10月11日にIMFが発表した世界経済の見通しによると、世界では2023年は0.2ポイント引き下げて2.7%、アメリカは前回から変わらず1.0%、ユーロ圏は0.7ポイント引き下げ0.5%としている。

――ヨーロッパの引き下げ率が大きく、中国も5%にほど遠い。新興国も含め世界全体で2.7%の成長というのは同時不況ということか。

ニッセイ基礎研究所 矢嶋康次氏:

かなり低いですね。特に2022年から2023年でアメリカ、ユーロと成長率がガクンと下がるので、ここが景気後退に陥る局面ではないかと理解されていますアメリカ・ユーロよりも日本の成長率がダントツ高くなってしまうのは、初めて見ました。

――こうなると景気後退入りで何が心配されるか。

ニッセイ基礎研究所 矢嶋康次氏:

過去のアメリカの景気後退はだいたい11か月ぐらいで終わる。来年で終わるかどうかが焦点になってくると思います。問題は深さ。金融危機が起きるかどうかです。金融危機はもう何回も経験しているので規制が非常に厳しくなり、なかなか起きないようにはなっています。
ただ、心配なところがいくつかあります。今回ゼロ金利から始まっているので、コストゼロのお金が異常に出ているというのがひとつです。もうひとつは、金利が上がるスピードがあまりに速すぎるので、それに対応しきれているのかどうか。これから起きることは、規制で見えているところは大丈夫なのですが、今まで見えていないところから金融の不安の芽が出てくるのかどうかというのが、金融危機につながるかの非常に大きなポイントになってくると思います。

――昨日までゼロ金利で借りていた会社が、借り換えようと思ったら「金利5%です」というような状況になる。
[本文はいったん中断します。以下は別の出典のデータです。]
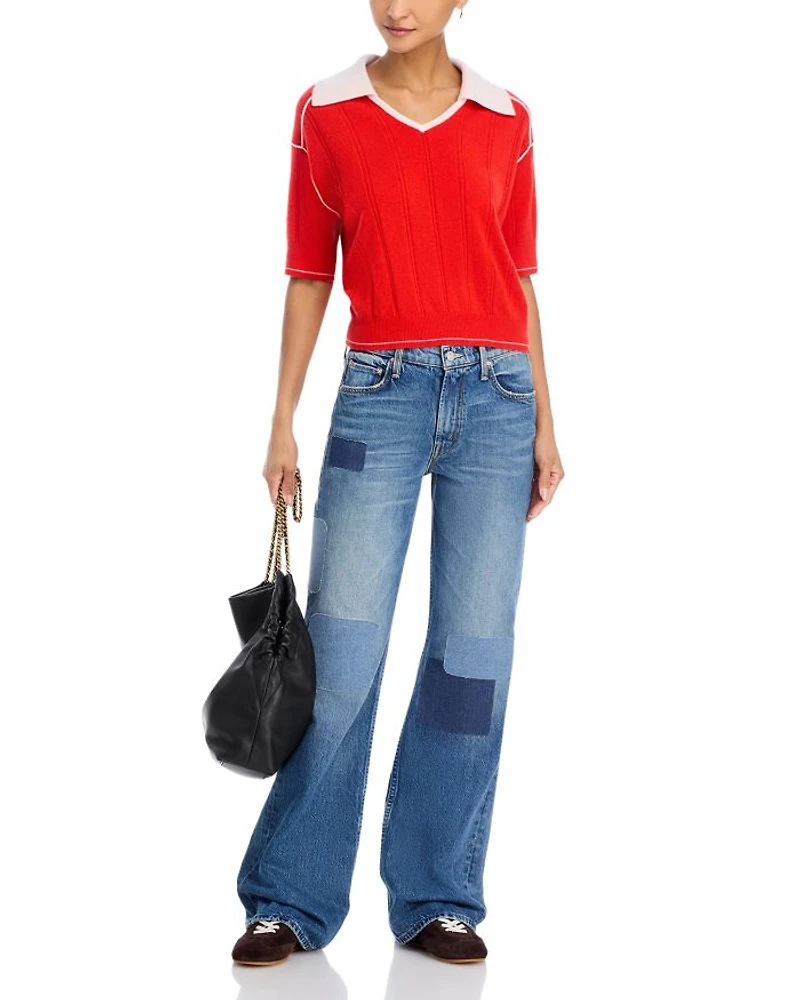 The Bookie Heel Jeans Ironing Things Out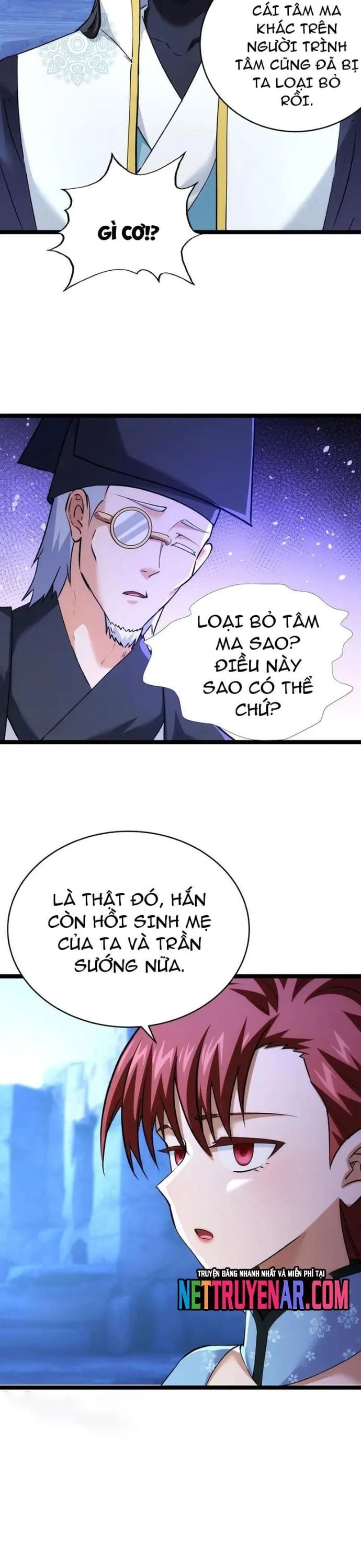 Truyện Tranh Ta Đoạt Xá Người Chơi Hệ Thống trang 7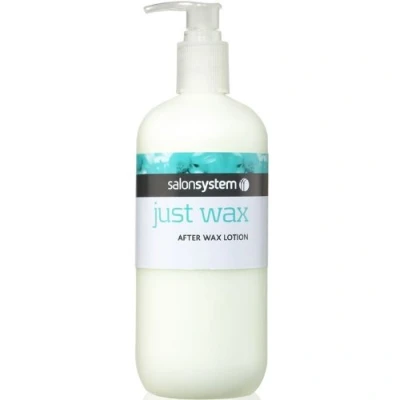 Image of Salon System 500ml Just Wax After Lotion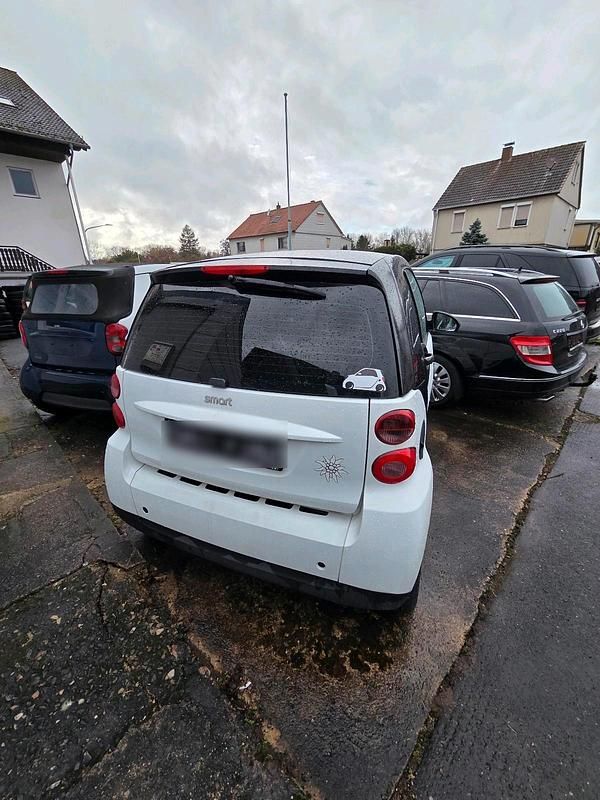 Gebraucht Smart ForTwo Coupé Pulse 61 PS (44 kW) 2009 Weiß Coupé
そうすると倒れる企業が出てきても当然で、それが金融危機につながれば景気の後退がより深くなってしまう。

ニッセイ基礎研究所 矢嶋康次氏:

景気後退はある程度仕方ないとして、金融危機につながらないように各国対応してくると思いますし、リバウンドをどう政策で描いていくのか、そちらの方に政策シフトしていくと思います。

――かつては住宅ローンやノンバンクが火種になった。そういうところに気をつけなければならないのか。

ニッセイ基礎研究所 矢嶋康次氏:

過去の金融危機は分かっていたところからは起きていない。今回も起きるとすれば、考えられているところではないところから起きるはずです。